TASK DESCRIPTION:
Set down the records that follow in full and without changes.
**** DATA
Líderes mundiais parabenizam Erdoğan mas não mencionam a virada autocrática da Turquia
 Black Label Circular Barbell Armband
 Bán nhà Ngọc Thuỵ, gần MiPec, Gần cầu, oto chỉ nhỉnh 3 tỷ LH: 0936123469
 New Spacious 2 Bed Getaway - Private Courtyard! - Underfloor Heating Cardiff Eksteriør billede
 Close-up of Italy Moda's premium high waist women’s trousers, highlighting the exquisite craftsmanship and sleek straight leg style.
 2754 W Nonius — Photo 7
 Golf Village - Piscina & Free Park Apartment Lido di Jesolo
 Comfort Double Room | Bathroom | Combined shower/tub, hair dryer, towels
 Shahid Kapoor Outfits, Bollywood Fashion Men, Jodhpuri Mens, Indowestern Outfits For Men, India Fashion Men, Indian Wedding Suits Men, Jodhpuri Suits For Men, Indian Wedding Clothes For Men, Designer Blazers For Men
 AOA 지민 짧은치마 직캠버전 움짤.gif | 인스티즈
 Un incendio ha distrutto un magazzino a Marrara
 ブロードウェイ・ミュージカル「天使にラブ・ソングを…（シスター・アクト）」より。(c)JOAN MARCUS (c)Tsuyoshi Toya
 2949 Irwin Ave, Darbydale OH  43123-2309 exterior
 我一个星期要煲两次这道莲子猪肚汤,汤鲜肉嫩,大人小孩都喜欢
********
RESULT OF THIS TASK:
Líderes mundiais parabenizam Erdoğan mas não mencionam a virada autocrática da Turquia
 Black Label Circular Barbell Armband
 Bán nhà Ngọc Thuỵ, gần MiPec, Gần cầu, oto chỉ nhỉnh 3 tỷ LH: 0936123469
 New Spacious 2 Bed Getaway - Private Courtyard! - Underfloor Heating Cardiff Eksteriør billede
 Close-up of Italy Moda's premium high waist women’s trousers, highlighting the exquisite craftsmanship and sleek straight leg style.
 2754 W Nonius — Photo 7
 Golf Village - Piscina & Free Park Apartment Lido di Jesolo
 Comfort Double Room | Bathroom | Combined shower/tub, hair dryer, towels
 Shahid Kapoor Outfits, Bollywood Fashion Men, Jodhpuri Mens, Indowestern Outfits For Men, India Fashion Men, Indian Wedding Suits Men, Jodhpuri Suits For Men, Indian Wedding Clothes For Men, Designer Blazers For Men
 AOA 지민 짧은치마 직캠버전 움짤.gif | 인스티즈
 Un incendio ha distrutto un magazzino a Marrara
 ブロードウェイ・ミュージカル「天使にラブ・ソングを…（シスター・アクト）」より。(c)JOAN MARCUS (c)Tsuyoshi Toya
 2949 Irwin Ave, Darbydale OH  43123-2309 exterior
 我一个星期要煲两次这道莲子猪肚汤,汤鲜肉嫩,大人小孩都喜欢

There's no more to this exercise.